Simple speed benchmark results

Everything else that doesn't fall into one of the other PB categories.
OgreVorbis
User
User
Posts: 77
Joined: Thu Jan 16, 2020 10:47 pm

Simple speed benchmark results

Post by OgreVorbis »

I began experimenting with using Lua in PureBasic and I was curious about the speed compared to other languages. I found these benchmark results on github and added PureBasic to the list. The code is extremely simple, so it may not be a very good real world example, however, it's still interesting. There is a better benchmark called prime sieve, but I have not implemented it in PB yet.

( original link: https://github.com/DNS/benchmark-language )

I pruned and sorted the results to make it easier to read.
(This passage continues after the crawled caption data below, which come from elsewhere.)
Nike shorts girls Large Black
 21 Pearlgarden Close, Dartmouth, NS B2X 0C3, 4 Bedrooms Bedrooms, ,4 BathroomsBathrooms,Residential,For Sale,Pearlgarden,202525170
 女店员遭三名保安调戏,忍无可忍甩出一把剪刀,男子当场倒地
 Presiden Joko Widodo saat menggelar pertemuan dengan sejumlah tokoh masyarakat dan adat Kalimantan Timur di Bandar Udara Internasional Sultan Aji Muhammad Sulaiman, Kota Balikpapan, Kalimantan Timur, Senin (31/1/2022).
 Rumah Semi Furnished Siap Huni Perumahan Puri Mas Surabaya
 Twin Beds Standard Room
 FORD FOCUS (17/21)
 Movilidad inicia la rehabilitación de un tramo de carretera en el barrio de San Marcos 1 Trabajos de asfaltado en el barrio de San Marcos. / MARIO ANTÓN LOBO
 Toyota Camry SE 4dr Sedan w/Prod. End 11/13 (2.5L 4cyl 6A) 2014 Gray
And I added PureBasic to the results. I thought it would be better. Let me know if there is some way I can further optimize the PB version.

Here is the code I wrote for the PB version:

Code: Select all

EnableExplicit
Define x.d = 1
Define i.i = 0

OpenConsole()
Define StartTime.d = ElapsedMilliseconds()

For i = 0 To 99999998
	x = (i+i+2*i+1-0.379)/(x)
Next

Define EndTime.d = (ElapsedMilliseconds() - StartTime) / 1000
PrintN("It took " + StrD(EndTime) + " seconds to complete.")
PrintN("Result: " + StrD(x))
PrintN("Press ENTER to exit. . .")
Input()
CloseConsole()
And here's the Lua it was based off of:

Code: Select all

local x = 1
for i=0,99999998 do
	x = (i+i+2*i+1-0.379)/(x)
end
print(x)
Finally, the results:

Code: Select all

C (CLANG LLVM 6.0.0)
command took 0.65s

C (MSVC 18, VS 2013)
command took 0.65s

C (MINGW CLANG 8.0.1)
command took 0.65s

LuaJIT 2.0.5
command took 0.65s

C (CYGWIN CLANG 8.0.1)
command took 0.66s

C (GCC 7.2.0)
command took 0.66s

C (MINGW GCC 10.2.0)
command took 0.66s

C (CYGWIN GCC 10.2.0)
command took 0.66s

C# .NET CLR (CSC 12)
command took 0.67s

PureBasic 5.73 LTS 64-bit
command took 1.02s
(debug mode took 7.00s)

C (Embarcadero C++ 6.60 for Win32)
command took 1.40s

LUAC 5.3.4
command took 7.19s

LUA 5.3.4
command took 4.37s
Last edited by OgreVorbis on Sat Nov 06, 2021 5:12 am, edited 1 time in total.
My blog/software site: http://dosaidsoft.com/
User avatar
STARGÅTE
Addict
Addict
Posts: 2067
Joined: Thu Jan 10, 2008 1:30 pm
Location: Germany, Glienicke
Contact:

Re: Simple speed benchmark results

Post by STARGÅTE »

How do you compare your PB execution with the reported executed times?
Is it the same computer system? A benchmark depends on the operating system. Have you run also all other codes?
Your code result on my machine:

Code: Select all

It took 0.573 seconds to complete.
Result: 7051.5711976423
Press ENTER to exit. . .
PB 6.01 ― Win 10, 21H2 ― Ryzen 9 3900X, 32 GB ― NVIDIA GeForce RTX 3080 ― Vivaldi 6.0 ― www.unionbytes.de
Lizard - Script language for symbolic calculations and moreTypeface - Sprite-based font include/module
User avatar
Tenaja
Addict
Addict
Posts: 1948
Joined: Tue Nov 09, 2010 10:15 pm

Re: Simple speed benchmark results

Post by Tenaja »

I am really curious to see how the C output version of pb compares, with the optimizer at its best.
OgreVorbis
User
User
Posts: 77
Joined: Thu Jan 16, 2020 10:47 pm

Re: Simple speed benchmark results

Post by OgreVorbis »

STARGÅTE wrote: Sat Nov 06, 2021 12:22 am How do you compare your PB execution with the reported executed times?
Is it the same computer system? A benchmark depends on the operating system. Have you run also all other codes?
You're correct, I did not run all the test on my PC so the results can be flawed. I will edit that out for now until I can do all the tests on my PC. Maybe the results are misleading.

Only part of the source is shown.